Over the next few years many will receive shares in floating building societies and insurance companies and, unfortunately, like the Sids before them, many will either just sell the shares swiftly or hide them in the drawer. I hope that this time our industry can take the opportunity to help savers develop their knowledge and understanding of investing for their future.

This is not all. Popular capitalism has other outposts which are still showing signs not just of survival but of growth and development. One area that is growing with greater vigour is that of employee share ownership. These days there are over 2,400 companies with some form of share ownership scheme.

Unfortunately, it is usually the schemes for large felines that hit the headlines but behind these, the majority of these firms issue stock to the workers of Britain on the scale of a small privatisation each year.

Cynics would say that these are just short-term share perks which are sold off swiftly to pay for the holiday. This patronising view is not true.
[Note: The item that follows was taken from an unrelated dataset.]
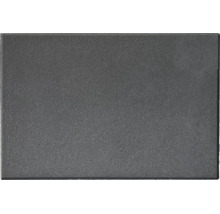 Dalle de pavage rectangulaire en béton pour aménagement de jardin.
Many beneficiaries of such schemes carefully husband their shares and shelter them in personal equity plans for a longer-term investment. The recent initiative from Angela Knight, the Treasury Minister, to reduce the minimum time-scales of the corporate save-as-you-earn schemes from three years will add further impetus to this growing area.

This underrated scheme should be highlighted far more. For once, all employees who have access to such a scheme can be assured of some benefit, if only from the tax-free clement of the savings scheme.

A further area of frenetic growth is in investment clubs. Here, from a very small level we have seen a mushrooming in the number of people interested in setting up and joining clubs to learn about investment and, heaven forbid, even enjoying it.

This has to be the best way for investors to learn about the peaks and pitfalls of direct stock market investment in a low-risk and responsible manner. And you don't even have to own an anorak. All over the country, private rooms over public bars are filled with earnest discussion over share values and investment opportunities.

So, as privatisations peter out it is not true that popular share ownership is dead, or even dying. But what is more important is that we should now be entering a new era of popular investment.

Why? Because the increasing pressure on us all to take on more responsibilities for ourselves leaves us little choice. As the state retreats we must take every opportunity to learn how to protect ourselves. Popular capitalism may have been fun for some while it lasted, but popular investment will be a necessity while we last.

Justin Urquhart-Stewart is business planning director at Barclays Stockbrokers.